As just about everyone knows
by now, FNAF is a jump-scare game. You play a security employee who is
stuck in an office with limited power while four (well, strictly five) creepy animatronic
puppets stalk through the corridors. If they catch you, they will forcibly cram
you into a puppet suit...only the puppet suits already have animatronic parts
in them, so that wouldn’t end very well for you. You can catch them by shutting
doors on them, but this takes power, and you only have a limited supply so must
balance being vulnerable with being able to last the night.
Now, I don’t care much for
scary games, which aren’t exactly my sort of entertainment.
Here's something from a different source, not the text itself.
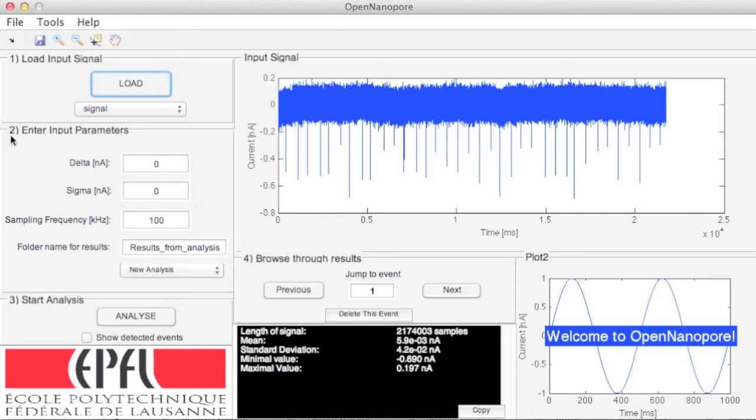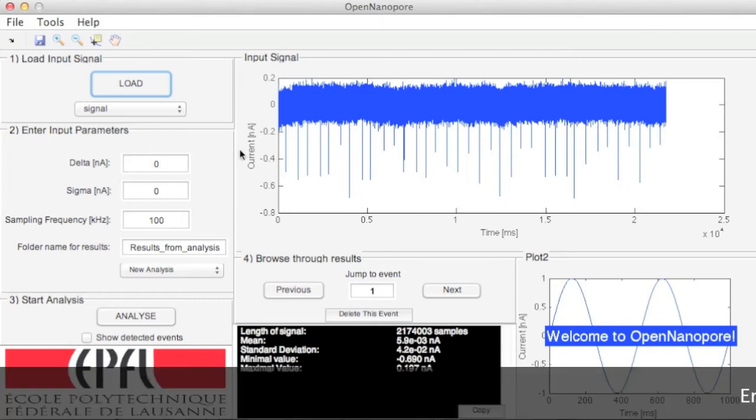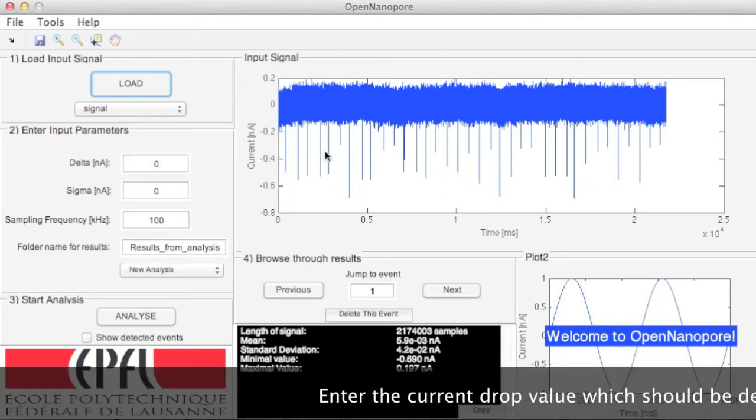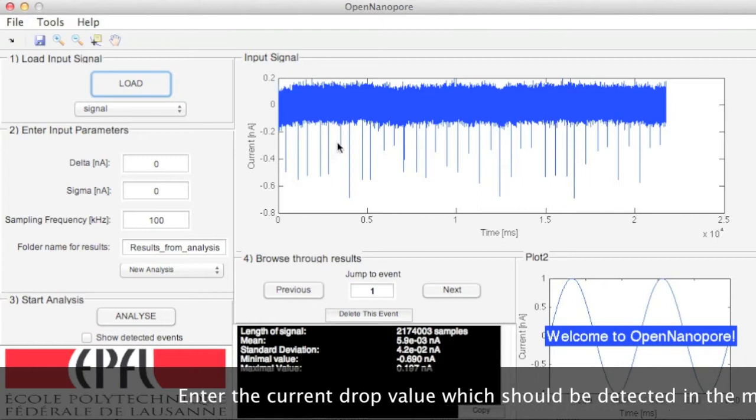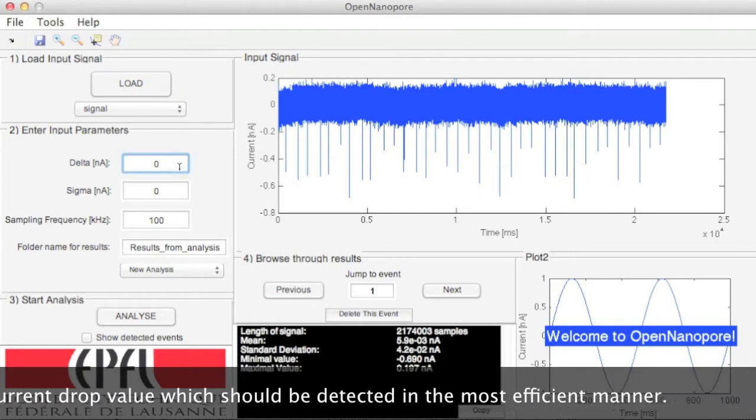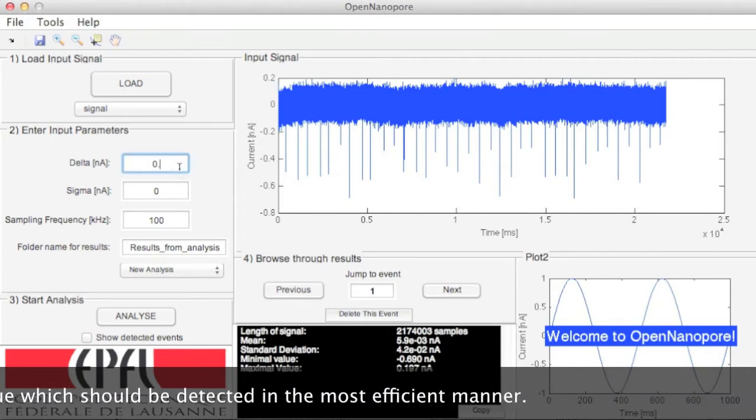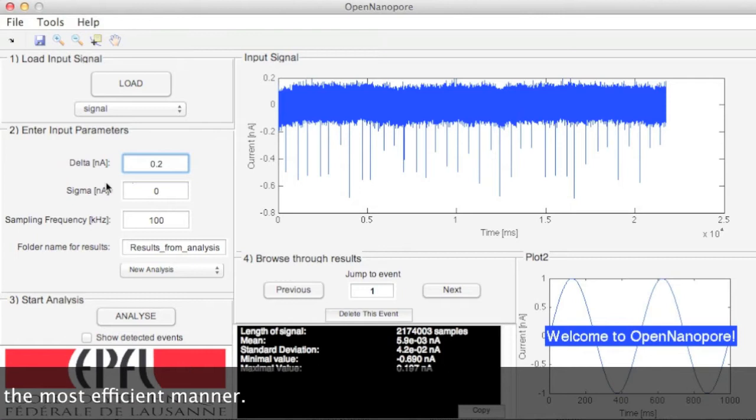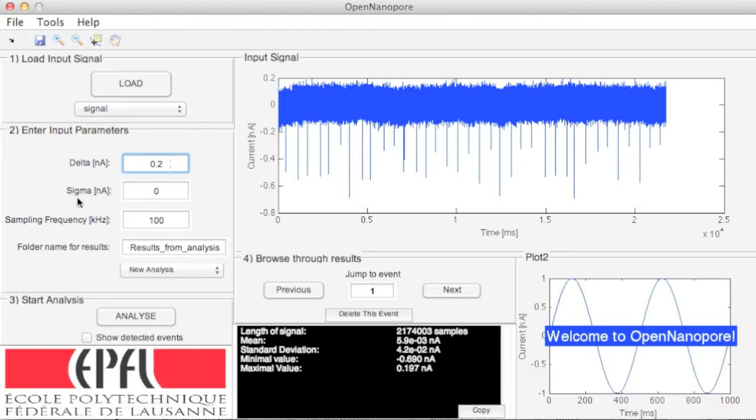Then, enter your input parameters. Delta is the most likely current drop in nanoamperes that you want to detect in an efficient manner. In this demo case, 0.2 nanoamperes is a typical current blockage value for lambda DNA translocation.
Creepiness hasn’t
got to me since I was very small and playing The 7th Guest,
which should totally get a remake – that has nothing to do with that terrible 7th
Guest 3 failed kickstarter a year ago today. As an adult, I mostly find
creepy games either very daft or enjoyable completely separate from their
supposedly creepy parts.
And it was in the latter camp
that FNAF fell. I bought the game primarily to watch others play – and it
succeeded nicely in that respect, with the friends who had big silly reactions
to the scares still making me laugh when I think back to them. But for my part,
it got no more out of me than a little jump. But that’s fine. After all, the
most well-remembered part of Resident Evil hinged on just such a moment,
with dogs smashing through windows.
Besides, the jump-scares aren’t
what makes FNAF a scary game. That’s the pay-off, but really it’s about
the tension on the higher levels, where you know several enemies are coming to
get you and dealing with any one of them stands in the way of dealing with the
others. The sound effects build a good atmosphere, and the game is very good at
building then releasing tension – once you get past the first couple of nights
where the game relies on fear of the unknown. The jump scares ultimately end up
irrelevant, nothing but punishment. But for the easily-scared, there’s much
more to be enjoyed than just big creepy things jumping out. In other words, the
journey ends up better than the destination.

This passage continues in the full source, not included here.